Thats correct.  We created 65k buckets, using two hex characters as the naming convention, then stored the files in each container based on their first two characters in the file name.  The end result was 20-50 files per bucket.  Once all of the buckets were created and files were being loaded, we still observed an increase in latency overtime.

Is there a way to disable indexing?  Or are there other settings you can suggest to attempt to speed this process up?


On Wed, Sep 4, 2013 at 5:21 PM, Mark Nelson <mark.nelson@xxxxxxxxxxx> wrote:
Just for clarification, distributing objects over lots of buckets isn't helping improve small object performance?
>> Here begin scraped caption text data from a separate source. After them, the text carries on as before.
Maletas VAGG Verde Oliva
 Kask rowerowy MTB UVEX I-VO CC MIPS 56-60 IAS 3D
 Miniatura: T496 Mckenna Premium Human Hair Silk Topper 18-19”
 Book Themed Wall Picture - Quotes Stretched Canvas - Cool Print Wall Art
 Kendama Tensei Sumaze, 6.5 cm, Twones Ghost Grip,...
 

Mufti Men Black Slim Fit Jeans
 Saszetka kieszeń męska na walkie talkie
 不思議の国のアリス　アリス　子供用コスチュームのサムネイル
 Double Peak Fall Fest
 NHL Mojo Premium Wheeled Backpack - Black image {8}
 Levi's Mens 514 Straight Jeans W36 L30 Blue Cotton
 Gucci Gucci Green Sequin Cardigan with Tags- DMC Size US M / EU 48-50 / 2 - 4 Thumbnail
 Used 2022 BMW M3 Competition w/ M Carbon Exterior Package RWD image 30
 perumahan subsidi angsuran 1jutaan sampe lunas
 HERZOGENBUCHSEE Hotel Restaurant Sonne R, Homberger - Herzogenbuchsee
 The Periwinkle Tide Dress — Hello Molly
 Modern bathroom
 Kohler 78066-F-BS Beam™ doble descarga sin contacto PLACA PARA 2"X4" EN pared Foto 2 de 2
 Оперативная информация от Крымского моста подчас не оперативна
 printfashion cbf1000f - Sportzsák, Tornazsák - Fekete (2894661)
The degradation over time is similar to something I've seen in the past, with higher numbers of seeks on the underlying OSD device over time.  Is it always (temporarily) resolved writing to a new empty bucket?

Mark


On 09/04/2013 02:45 PM, Bill Omer wrote:
We've actually done the same thing, creating 65k buckets and storing
20-50 objects in each.  No change really, not noticeable anyway


On Wed, Sep 4, 2013 at 2:43 PM, Bryan Stillwell
<bstillwell@xxxxxxxxxxxxxxx <mailto:bstillwell@photobucket.com>> wrote:

    So far I haven't seen much of a change.  It's still working through
    removing the bucket that reached 1.5 million objects though (my
    guess is that'll take a few more days), so I believe that might have
    something to do with it.

    Bryan


    On Wed, Sep 4, 2013 at 12:14 PM, Mark Nelson
    <mark.nelson@xxxxxxxxxxx <mailto:mark.nelson@inktank.com>> wrote:

        Bryan,

        Good explanation.  How's performance now that you've spread the
        load over multiple buckets?

        Mark

        On 09/04/2013 12:39 PM, Bryan Stillwell wrote:

            Bill,

            I've run into a similar issue with objects averaging
            ~100KiB.  The
            explanation I received on IRC is that there are scaling
            issues if you're
            uploading them all to the same bucket because the index
            isn't sharded.
               The recommended solution is to spread the objects out to
            a lot of
            buckets.  However, that ran me into another issue once I hit
            1000
            buckets which is a per user limit.  I switched the limit to
            be unlimited
            with this command:

            radosgw-admin user modify --uid=your_username --max-buckets=0

            Bryan


            On Wed, Sep 4, 2013 at 11:27 AM, Bill Omer
            <bill.omer@xxxxxxxxx <mailto:bill.omer@xxxxxxxxx>
            <mailto:bill.omer@xxxxxxxxx <mailto:bill.omer@xxxxxxxxx>>>

            wrote:

                 I'm testing ceph for storing a very large number of
            small files.
                   I'm seeing some performance issues and would like to
            see if anyone
                 could offer any insight as to what I could do to
            correct this.

                 Some numbers:

                 Uploaded 184111 files, with an average file size of
            5KB, using
                 10 separate servers to upload the request using Python
            and the
                 cloudfiles module.  I stopped uploading after 53
            minutes, which
                 seems to average 5.7 files per second per node.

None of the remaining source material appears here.